"Think Different" is a slogan Apple used a few years ago to differentiate its hardware and operating system from ho-hum PCs. It would be an equally apt slogan for M7 Tuning, whose MINI tuning products address some issues other tuners haven't even considered.
Not being a "me too" traditional tuner comes easily to M7 Tuning's Swedish-American founder, Peter Horvath, who was a professional photographer. "Looking at the business from a customer's point of view has distinct advantages," says Horvath. "I fell in love with the MINI from day one, but also noted its shortcomings.
"I started designing and producing what I wanted. And not always the way a traditional tuner would. I went at it from the angle of an informed enthusiast with exact goals in mind rather than a company wanting to sell particular 'expected' products to its customers." This personal approach is M7's USP; would-be customers liked what they saw and the business took off from there.
As someone trained in the visual arts, Horvath is a stickler for design and quality, so it's no surprise that M7's parts look good and are manufactured to the highest standards.

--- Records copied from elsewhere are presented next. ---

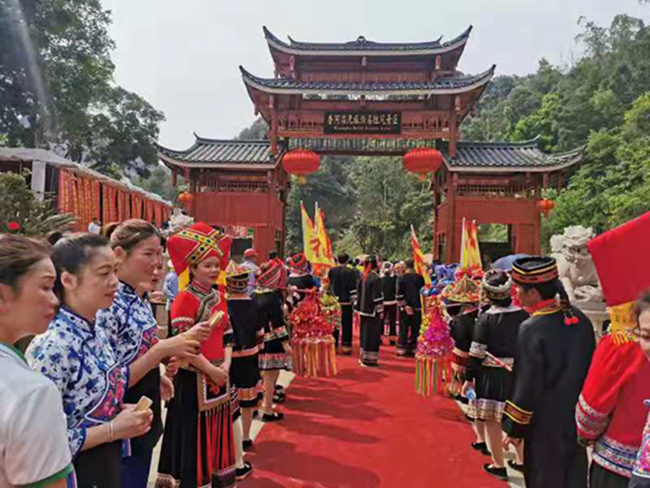 广西世界长寿之乡第一漂香河漂流开漂(图4)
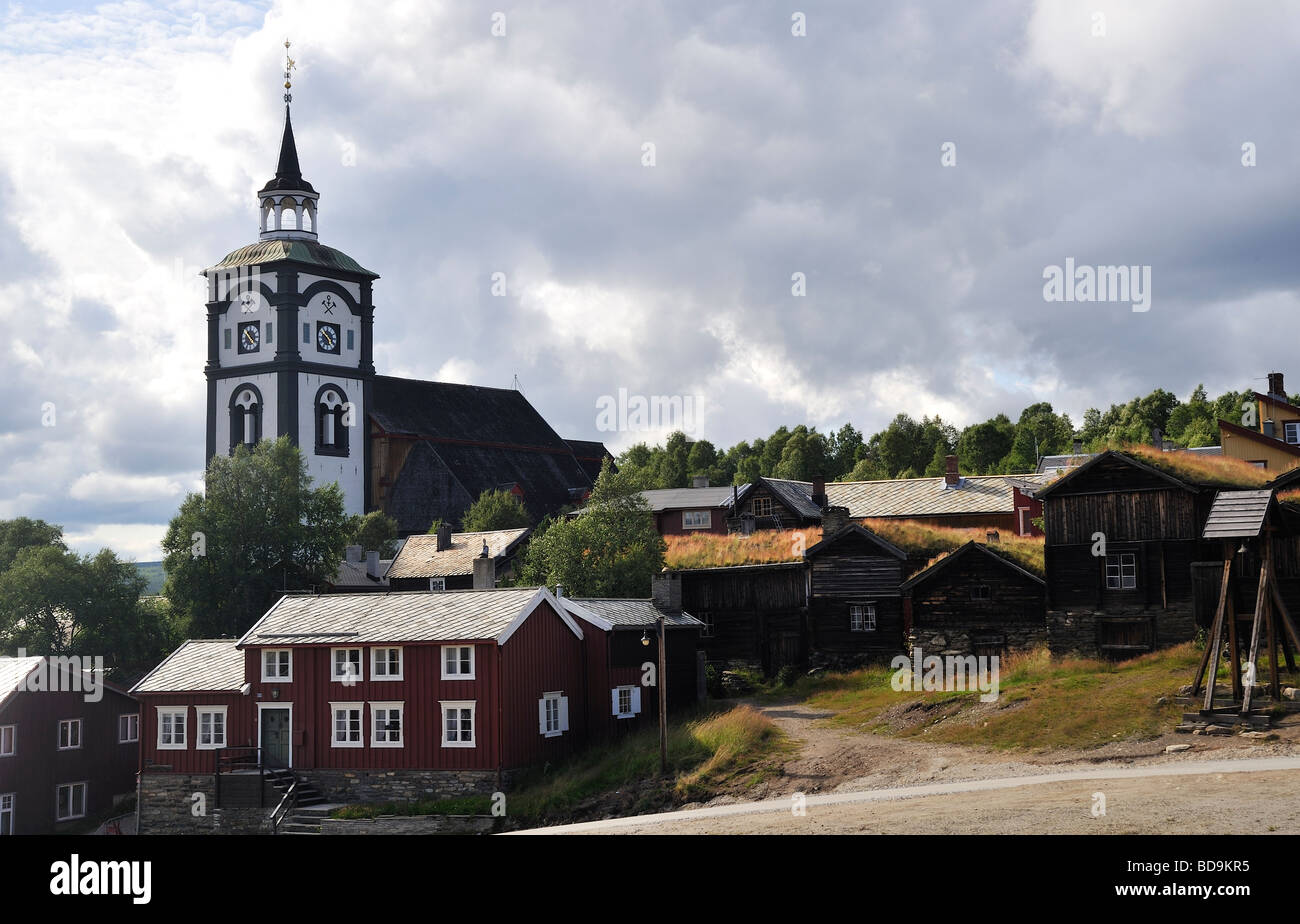 Maisons en bois et l'église dans la vieille ville historique de Røros, Norvège Banque D'Images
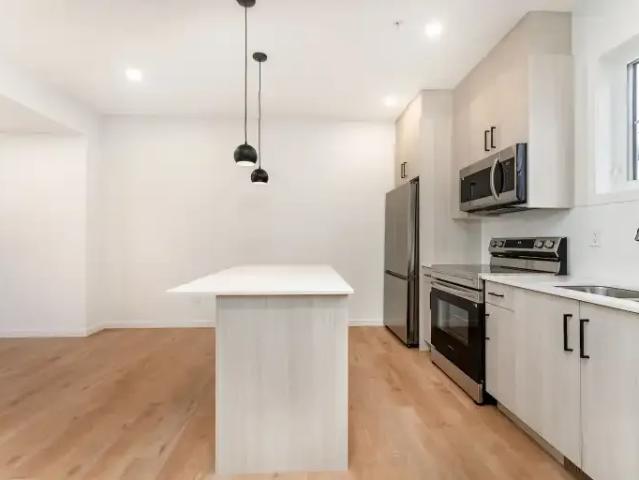 Townhouse 2 Bedroom For Rent Edmonton AB 1795 ES105580881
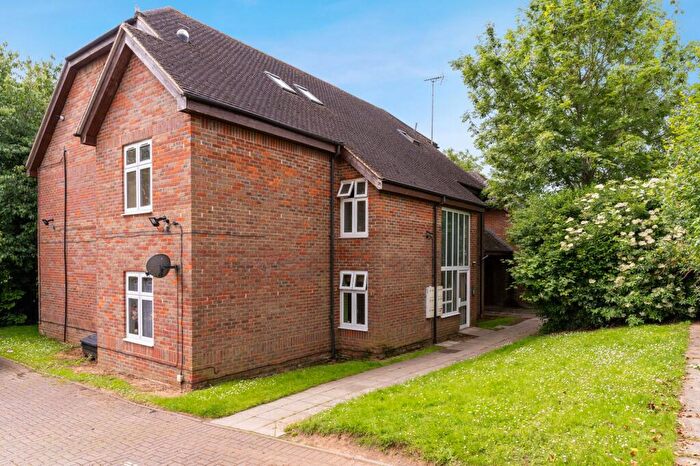 1 Bedroom Flat For Sale In Wychdell, Broughton Court, SG2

Items like the Under Strut System, for instance, are CNC-machined from solid aluminum billets and then anodized. It's a shame that they remain hidden from view. However, the complementary front strut tower brace is there for all to see and the plates that reinforce the factory metalwork (also available separately) evolved from client feedback when cars suffered from distorted strut tower tops because of poor road surfaces.

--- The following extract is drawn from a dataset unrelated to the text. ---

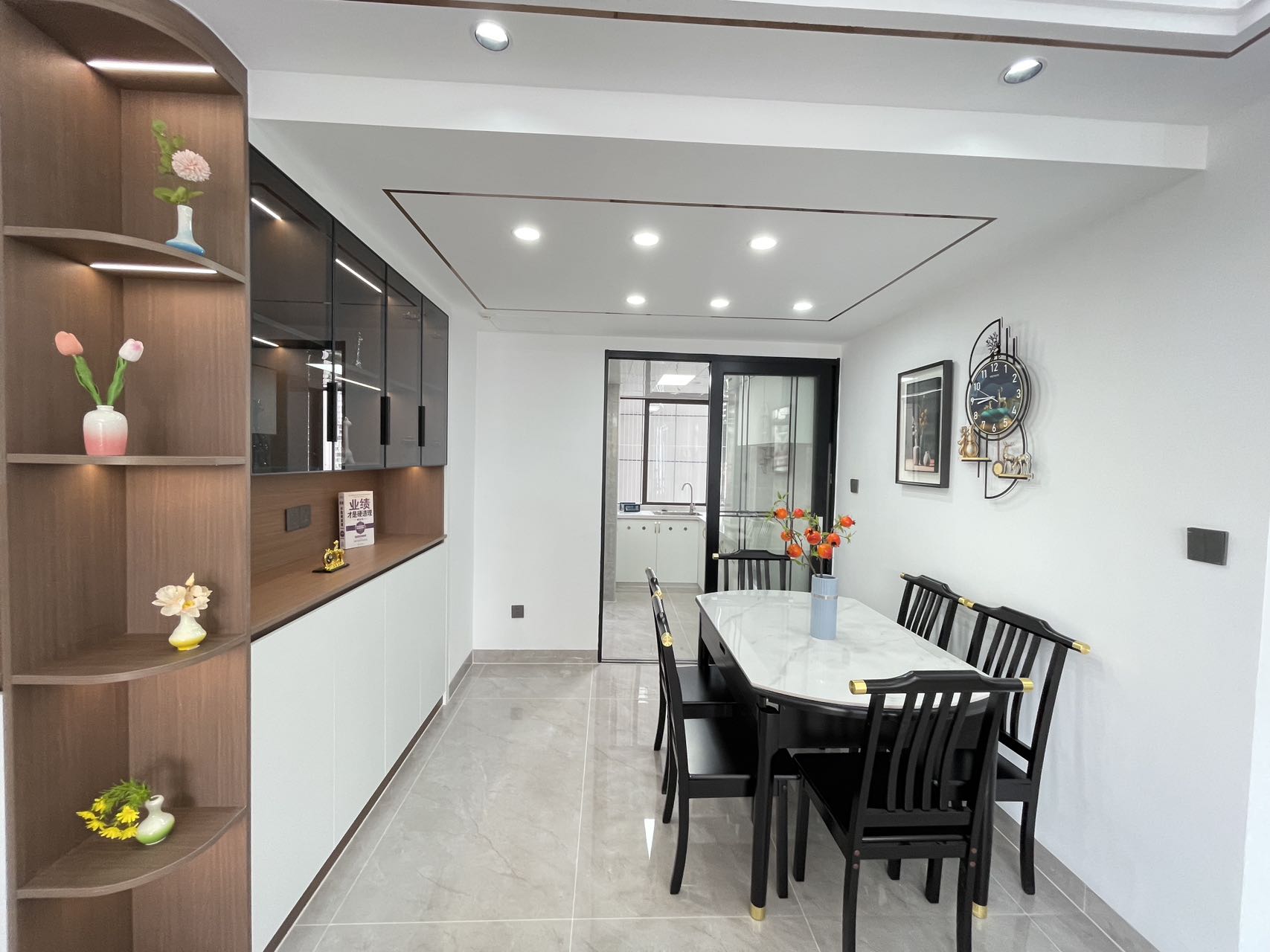 坡博家园一区  4室2厅2卫    180.0万 坡博家园一区  4室2厅2卫    180.0万室内图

As a hobby tuner, Horvath gets extremely upset when a part he buys needs specialist tools or plain doesn't fit. He assumes people just want to get on with fitting the parts and so supplies explicit instructions with good photos as a guide, along with the relevant Allen keys or drill bits required. M7 parts are installed using original factory attachment points, so everything is easily reversible when the car goes up for sale.
Those were impressions I gained when I first visited M7 in 2007 to drive the Los Angeles-based MINI tuner's fully tricked-out R53 Cooper S. At the time, Horvath had just taken delivery of a new R56 Cooper S and had only got as far as fitting larger wheels.

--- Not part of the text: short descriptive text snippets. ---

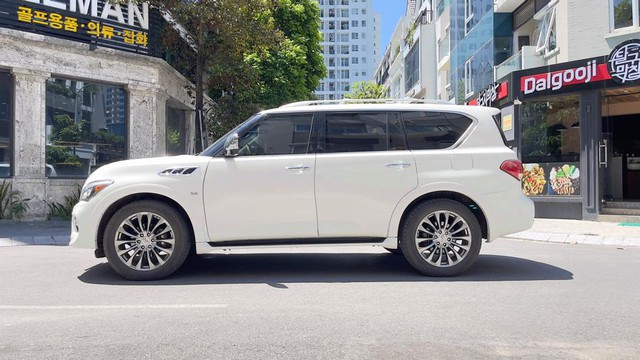 Sau 6 năm, khủng long Nhật Bản Infiniti QX80 vẫn giữ giá đắt ngang Volvo XC90 đập hộp - Ảnh 2.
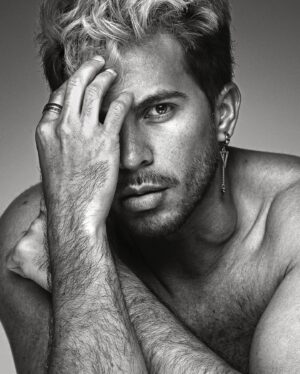 Giulio Mottola Instagram - Can you see it? If you want to, click the link in my bio.

Photographer: @urielsantanafoto 
Photo Assistants: @hugoserna76 
Styling & PR: @soynadiaguerrero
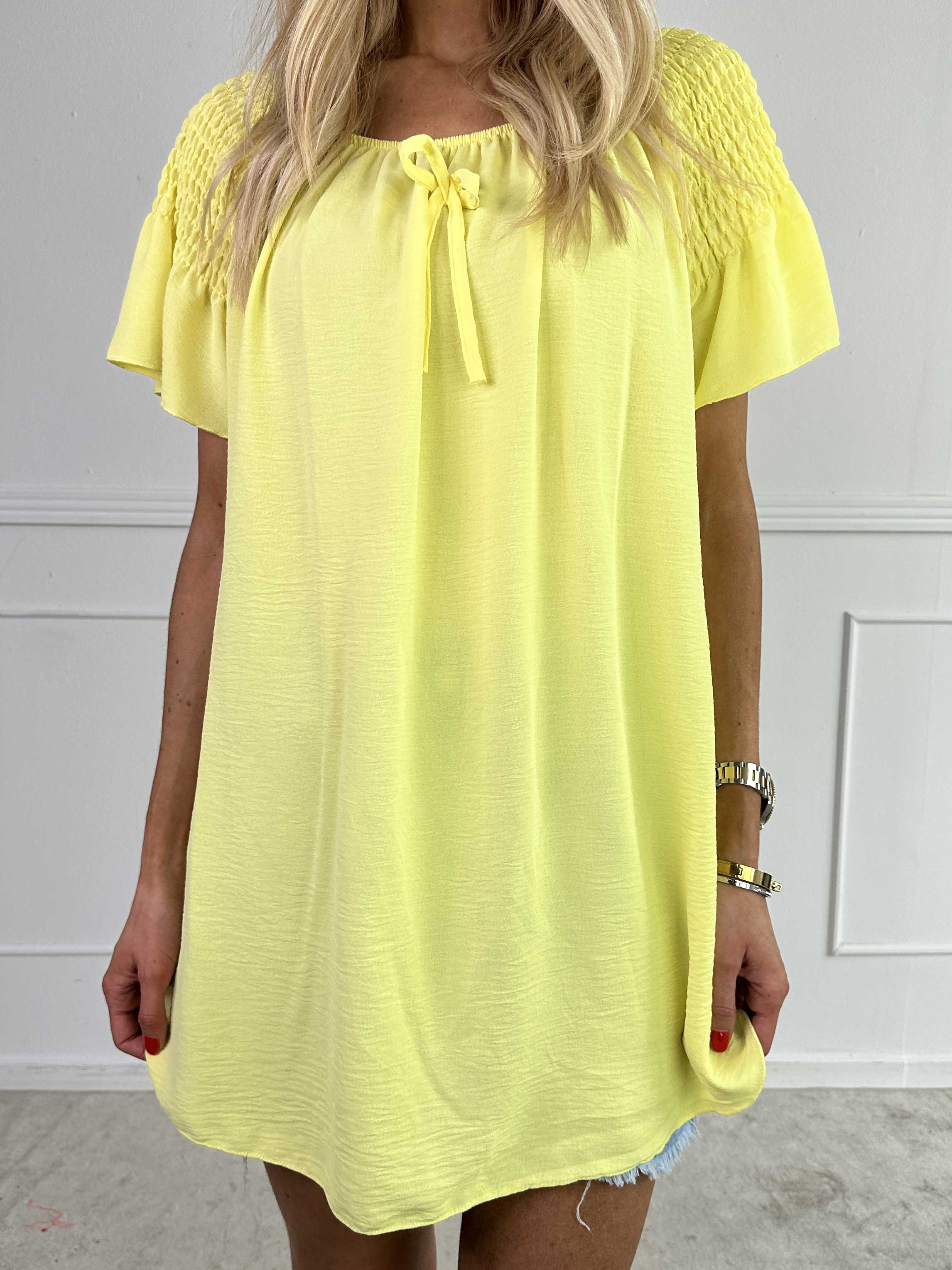 Esther - Sød tunika med flæseærmer og elastik i udskæringen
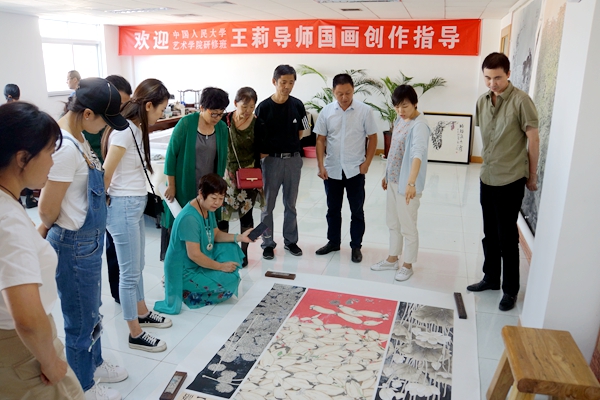 插图6：王莉导师团队王娜娜点评会员作品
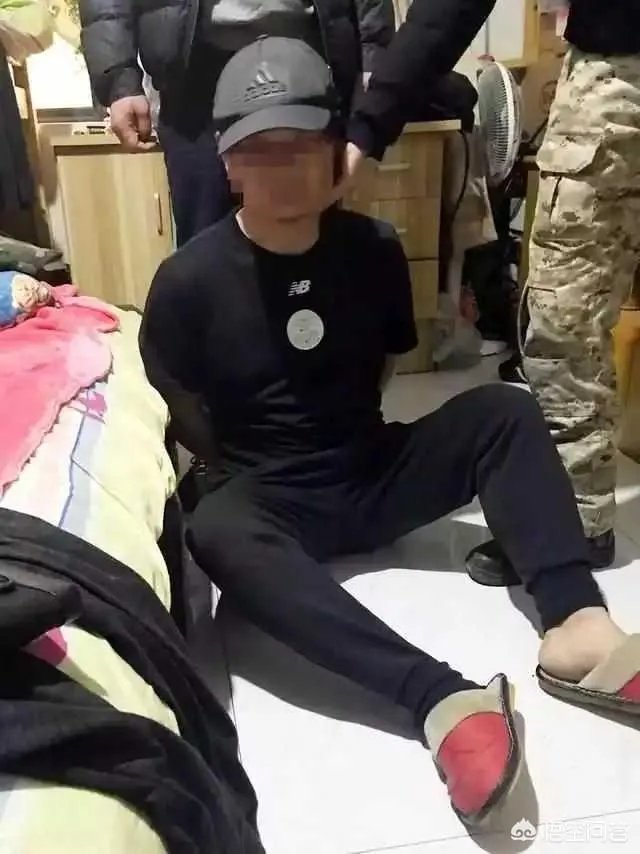 男子“八进宫”在派出所痛哭，老婆每次说同一句话“我们等你回来”，这事你怎么看？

In early 2008, Horvath acquired a powerful new quad-core Apple workstation and a computer-controlled prototyping machine that allows him to make a resin mock-up of a new component. This saves a lot of time and money since the full-sized dummy part can be positioned on the car and checked for fit and clearance. Using this machine, Horvath came up with new components that helped boost the R53's engine to well over 200 hp. But what really took my breath away was the sequential shifting system.
Some purists will never give up their manual gearbox, which they believe gives the most control and purest driving experience. However, a clutch becomes a real pain in the butt when stuck in traffic. Even on track days, it's easy to miss a gear and over-rev the engine in a red-mist moment.
M7's sequential shifting system for the R53 and R56 (not Convertible) uses an electro-mechanical arrangement to select ratios in the existing manual gearbox. It doesn't need to interface with the car's ECU, which can cause problems with the latest generation of ultra-sophisticated software.
The clutch is still operational, but gears are shifted either by a steering wheel-mounted paddle, or the CNC-machined aluminum racecar-style gear lever, which M7 calls a Bump Shifter. This takes the place of the normal gearlever. Both may be installed, which is the arrangement on Horvath's demo car parked on these pages.